Directions for this task: Once you reach the line with "Squid Game: The" in the material below, copy each line exactly up to and including the line with "Chettinad Cotton Butta Blue Saree", and skip the pictures.

[Provided material Boundary: Start]

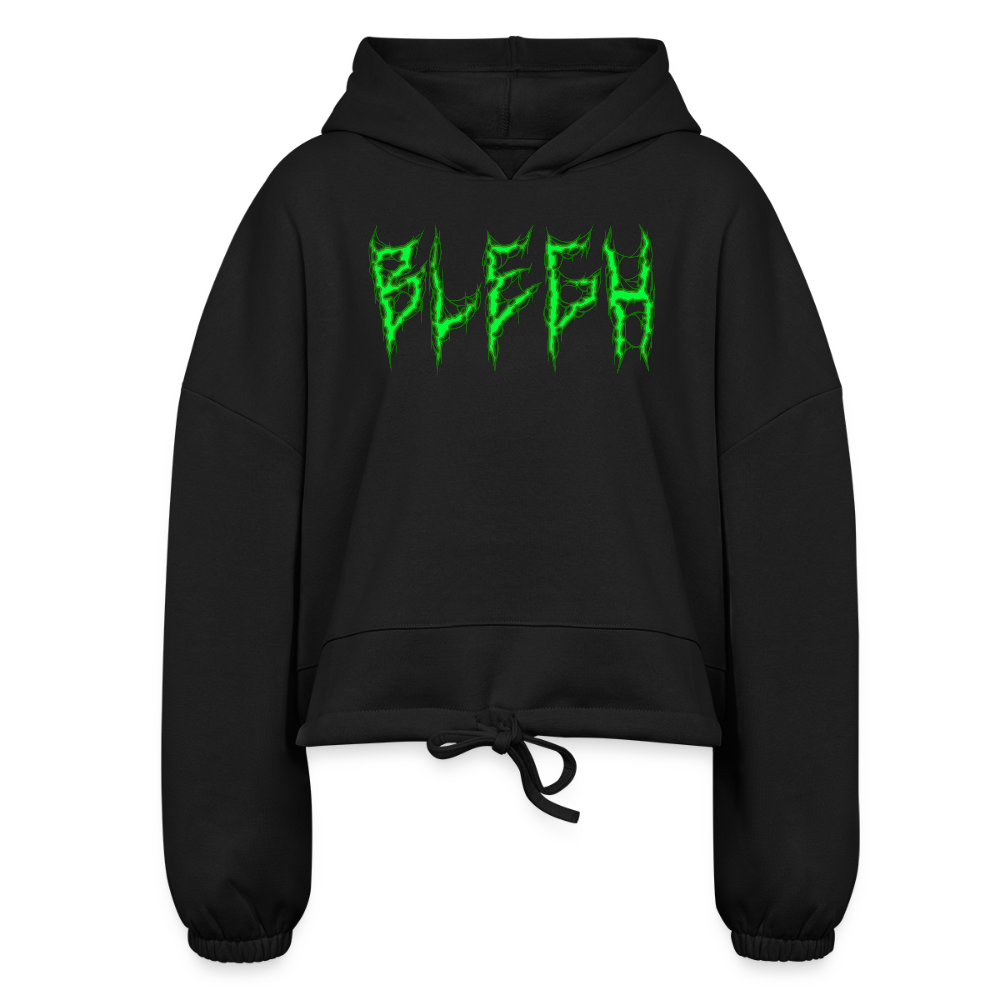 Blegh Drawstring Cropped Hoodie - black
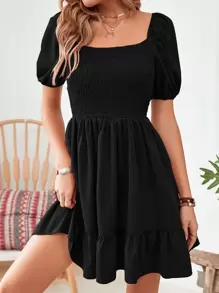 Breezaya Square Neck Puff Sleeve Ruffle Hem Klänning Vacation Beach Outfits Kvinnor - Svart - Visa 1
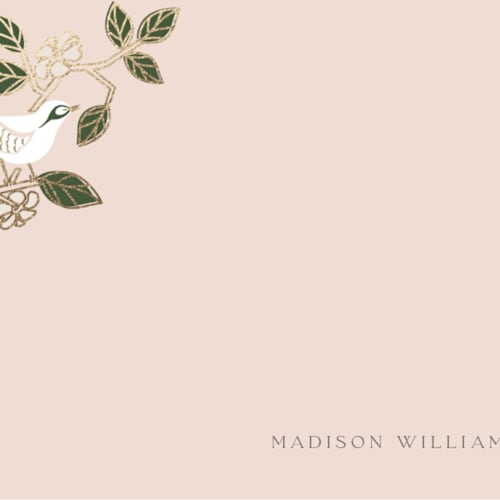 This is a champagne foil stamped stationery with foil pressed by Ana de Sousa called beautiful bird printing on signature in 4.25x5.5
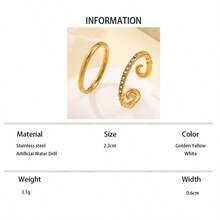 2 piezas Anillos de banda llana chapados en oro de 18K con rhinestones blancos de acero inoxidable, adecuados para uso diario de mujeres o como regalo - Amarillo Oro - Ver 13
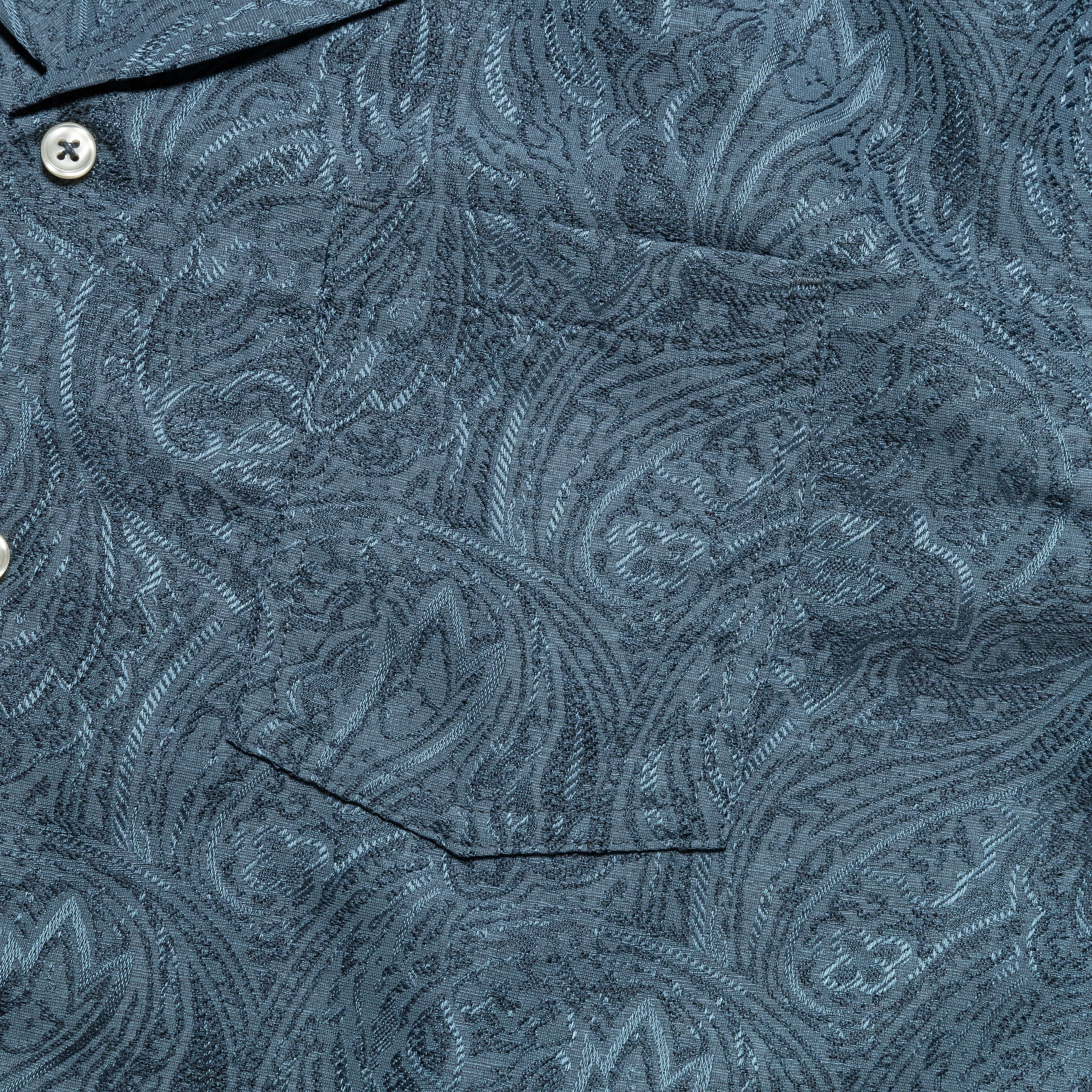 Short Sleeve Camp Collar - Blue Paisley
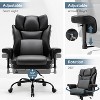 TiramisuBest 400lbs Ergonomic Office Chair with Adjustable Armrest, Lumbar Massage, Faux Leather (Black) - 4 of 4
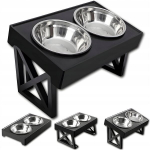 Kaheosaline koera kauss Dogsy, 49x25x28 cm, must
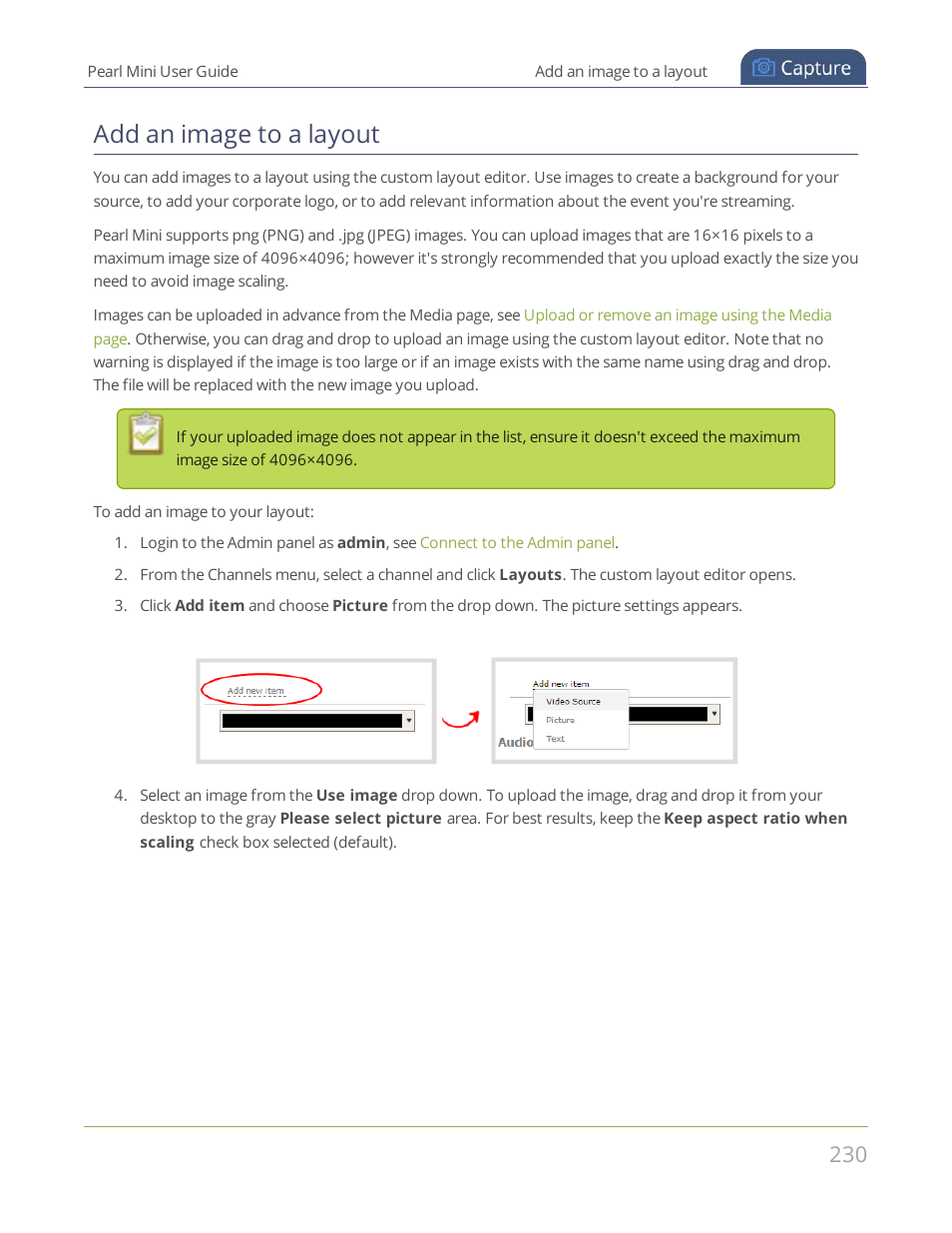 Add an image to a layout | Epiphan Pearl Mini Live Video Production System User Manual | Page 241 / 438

[Provided material Boundary: End]
[Provided material Boundary: Start]

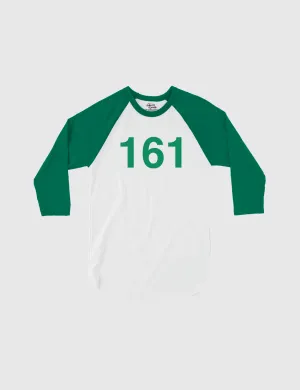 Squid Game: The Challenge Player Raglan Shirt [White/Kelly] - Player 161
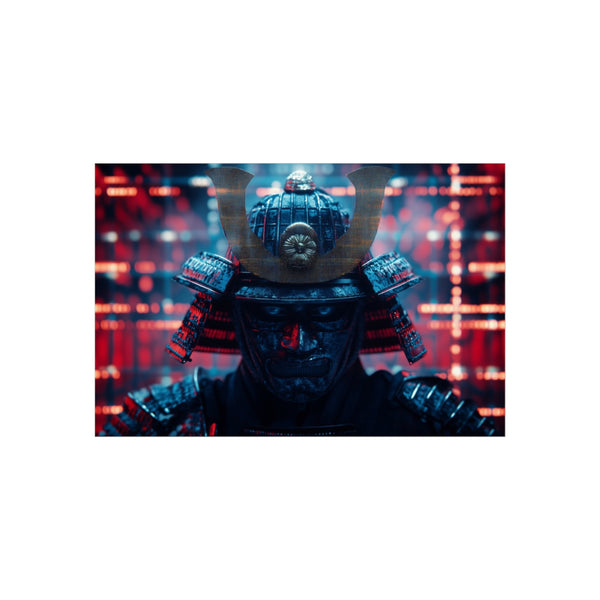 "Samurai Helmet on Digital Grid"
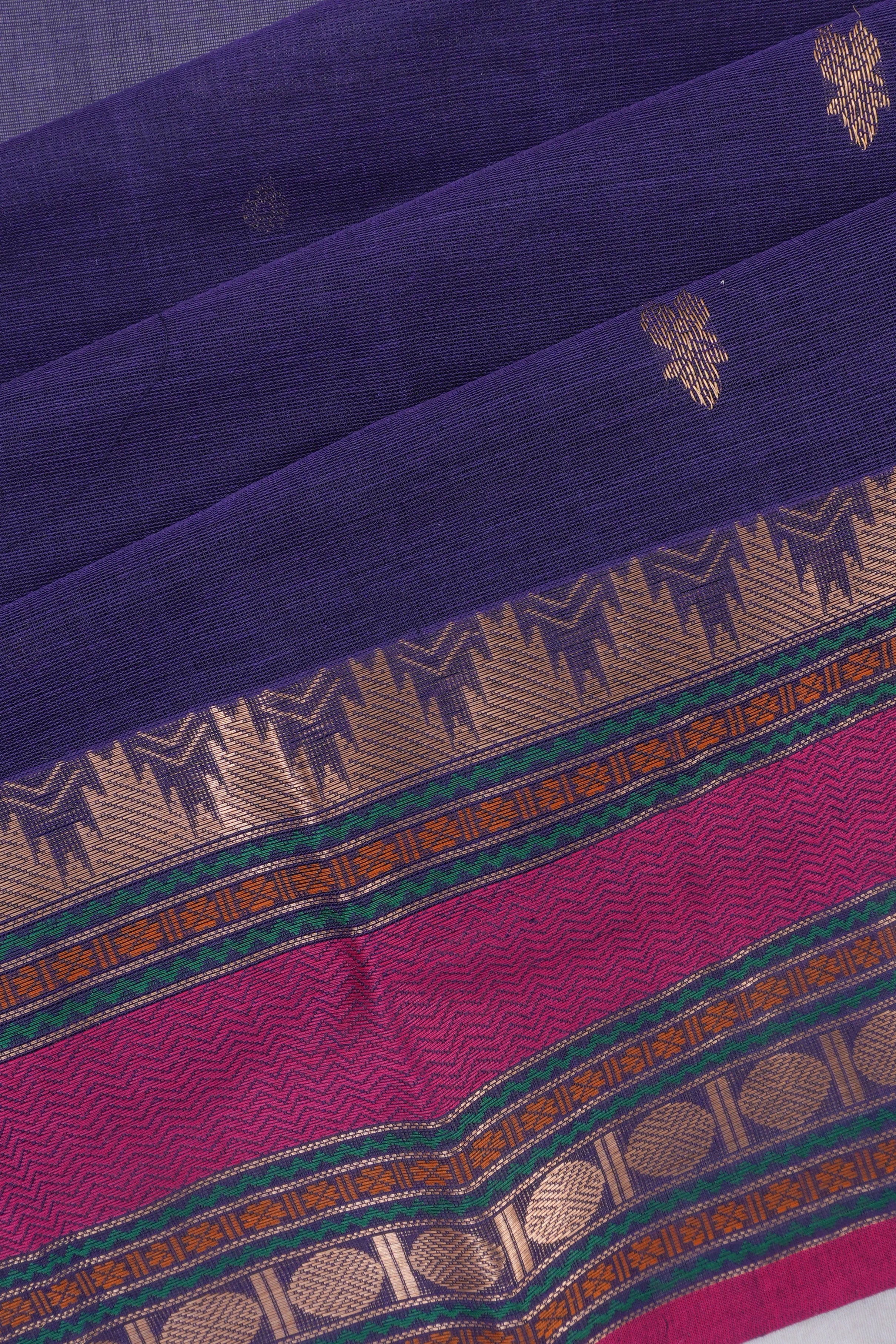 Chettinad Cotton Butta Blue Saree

[Provided material Boundary: End]
[Provided material Boundary: Start]

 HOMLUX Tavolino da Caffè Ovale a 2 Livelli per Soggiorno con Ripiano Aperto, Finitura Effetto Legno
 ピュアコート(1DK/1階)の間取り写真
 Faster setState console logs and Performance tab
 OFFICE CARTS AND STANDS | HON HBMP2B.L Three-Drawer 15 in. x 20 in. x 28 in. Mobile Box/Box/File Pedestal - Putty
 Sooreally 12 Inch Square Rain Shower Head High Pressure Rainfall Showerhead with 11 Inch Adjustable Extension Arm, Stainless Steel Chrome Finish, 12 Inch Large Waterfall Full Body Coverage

[Provided material Boundary: End]

Answer to the problem:
 Squid Game: The Challenge Player Raglan Shirt [White/Kelly] - Player 161
 "Samurai Helmet on Digital Grid"
 Chettinad Cotton Butta Blue Saree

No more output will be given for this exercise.